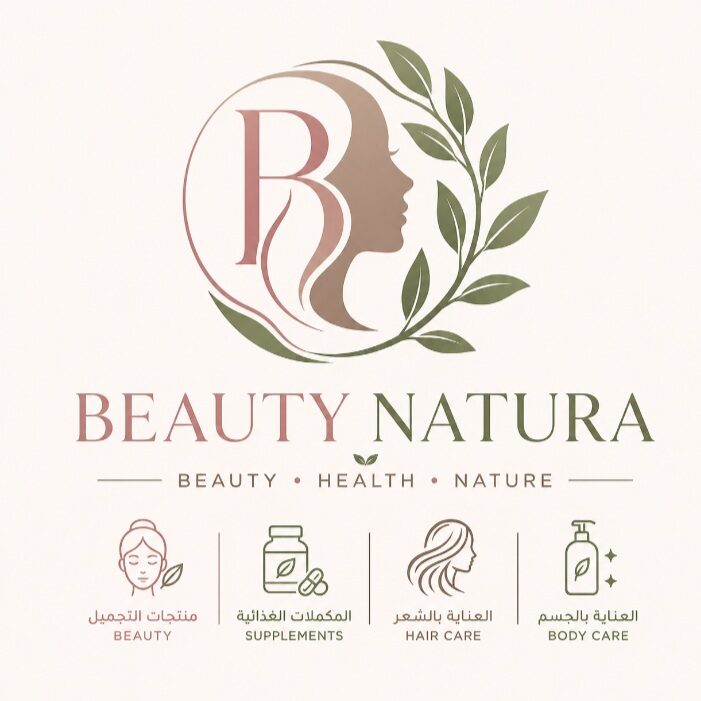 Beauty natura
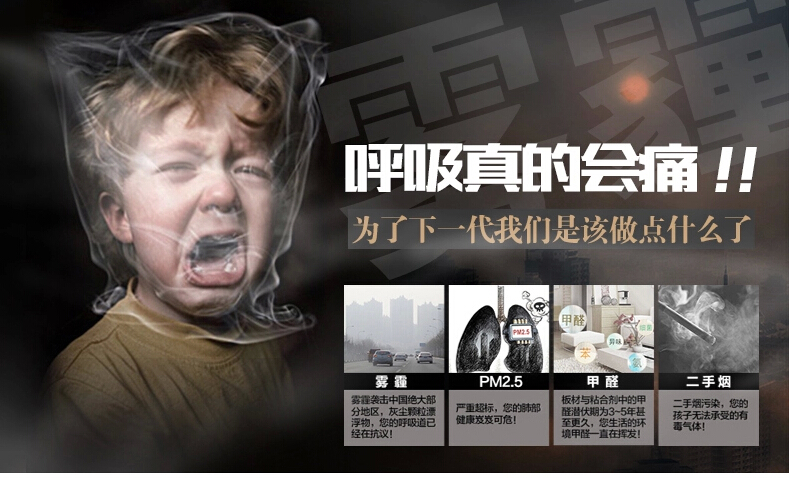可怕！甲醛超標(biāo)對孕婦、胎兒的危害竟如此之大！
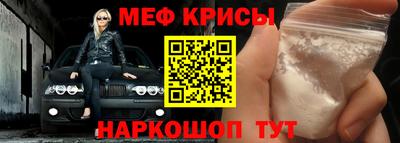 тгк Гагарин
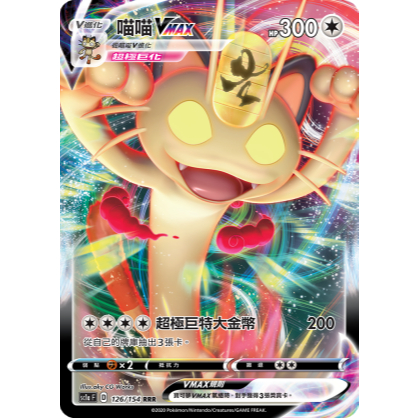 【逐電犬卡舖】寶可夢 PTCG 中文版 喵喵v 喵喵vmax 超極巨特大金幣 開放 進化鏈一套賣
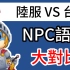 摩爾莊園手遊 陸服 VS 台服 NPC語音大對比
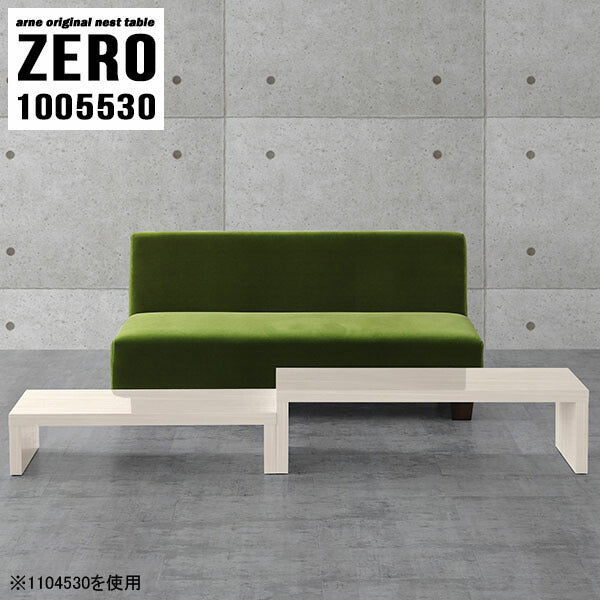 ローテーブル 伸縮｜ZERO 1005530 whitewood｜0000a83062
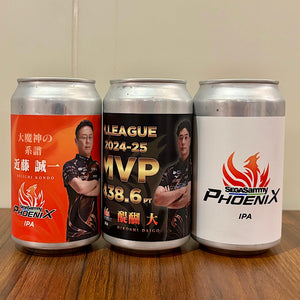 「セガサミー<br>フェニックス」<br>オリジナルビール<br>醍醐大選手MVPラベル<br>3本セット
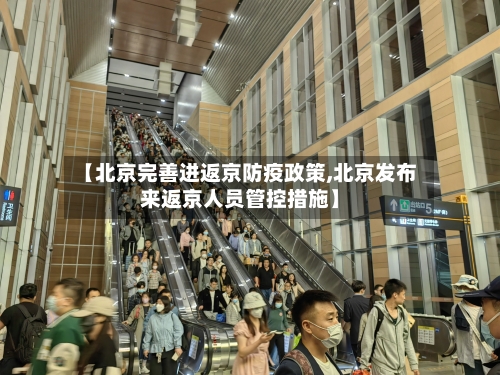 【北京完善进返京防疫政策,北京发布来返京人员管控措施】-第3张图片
◇ ◇ ◇ ◇ ◇ ◇ ◇
### WHAT THE TASK ASKS:
Only the lines from the one holding "可怕！甲醛超標(biāo)對孕婦、胎兒的危害竟如此之大！" to the last line of the entries above should be printed, exactly as they appear and with no pictures.

### SOLUTION TO THE PROBLEM:
可怕！甲醛超標(biāo)對孕婦、胎兒的危害竟如此之大！
 тгк Гагарин
 【逐電犬卡舖】寶可夢 PTCG 中文版 喵喵v 喵喵vmax 超極巨特大金幣 開放 進化鏈一套賣
 摩爾莊園手遊 陸服 VS 台服 NPC語音大對比
 ローテーブル 伸縮｜ZERO 1005530 whitewood｜0000a83062
 「セガサミー<br>フェニックス」<br>オリジナルビール<br>醍醐大選手MVPラベル<br>3本セット
 【北京完善进返京防疫政策,北京发布来返京人员管控措施】-第3张图片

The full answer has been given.